I noticed a new addition to the Linux Kernel 3.0 which was called the “Berkeley Packet Filter Just in Time compiler”. This seemed intriguing to me though I admit to not knowing how to make use of it. The H Open link on the subject is as follows:
Kernel Log: Coming in 3.0 (Part 1) - Networking - The H Open Source: News and Features
Just in time
The netfilter code now includes a “Berkeley Packet Filter Just-in-Time Compiler” for x86-64 systems. It generates assembler code at rumtime that carries out some of the network packet filtering tasks set by sniffer tools such as Tcpdump. Disabled by default, the JIT compiler can be enabled by writing “1” into the /proc/sys/net/core/bpf_jit_enable file; when testing an earlier version of the compiler, its developer managed to measure savings of 50 nanoseconds per packet. Further background about this approach is available in an article on LWN.net.
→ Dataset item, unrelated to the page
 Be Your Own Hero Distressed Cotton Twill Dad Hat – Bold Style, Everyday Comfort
So what I have done is to determine just how to activate this option. First, you can download the latest kernel 3.0.1 from here: http://www.kernel.org/pub/linux/kernel/v3.0/linux-3.0.1.tar.bz2
Next, you need to compile this kernel. You can use my bash script here: S.A.K.C. - SUSE Automated Kernel Compiler - Version 2.50 - Blogs - openSUSE Forums
While in the sakc script, you will be asked if you “Would you like to modify your Kernel configurations in a GUI?” you need to answer with a Y for Yes. This starts up the “make menuconfig” command. You then need to select the options:
- Networking Support (select and press enter)
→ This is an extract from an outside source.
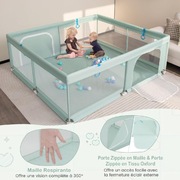 Kojec dla dziecka 160 x 200 cm miętowy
- Networking Options (select and press enter)
- enable BPF Just In Time compiler (Page down to the third page and press the space bar on this option at the bottom)
- Save an Alternate Configuration File (press ESC twice to back up and press ESC twice again to back up one more time)
- Use the default configuration file name of .config
- Select <Exit> at the bottom to leave the menuconfig program.
http://thumbnails49.imagebam.com/14383/bf74b2143825412.jpg](ImageBam)
Once your kernel has been compiled and installed, reboot your PC to load the new kernel. Now, you need to enable the BPF_JIT in order for it to be used. I have created a script you can use for this purpose:
#!/bin/bash
#: Title : jit
#: Date Created: Mon Aug 1 17:57:06 CDT 2011
#: Last Edit : Thu Aug 4 20:40:06 CDT 2011
#: Author : James D. McDaniel
#: Version : 1.00
#: Description : Enable the BPF_JIT
#: Options : None
TITLE=" JIT - (Berkeley Packet Filter) Just In Time Compiler Settings"
#
# This is the folder and file name we are looking for. If this
# file is not present then BPF_JIT was not enabled in the kernel
#
FILE="/proc/sys/net/core/bpf_jit_enable"
#
# BPF_JIT can only be enabled by a root user
#
if $UID -ne 0 ]]; then
echo "Root User Permissions are required, Please Enter the ..."
echo
sudo $0
exit 0
fi
#
# Determine if the /proc/sys/net/core/bpf_jit_enable is present.
#
if ! -e $FILE ] ; then
echo
echo "The File $FILE not a Present - BPF_JIT does not appear to be enabled"
echo
exit 1
fi
#
# Main Program Starts here
#
while true ; do
tput clear
echo
echo " "$TITLE
echo
echo "---------------------------------------------------------------------------"
echo "This enables the Berkeley Packet Filter Just in Time compiler. Currently"
echo "supported on x86_64 architecture, bpf_jit provides a framework to speed"
echo "packet filtering, the one used by tcpdump/libpcap for example. It does"
echo "appear that you have enabled the BPF_JIT Kernel Module as required. Your"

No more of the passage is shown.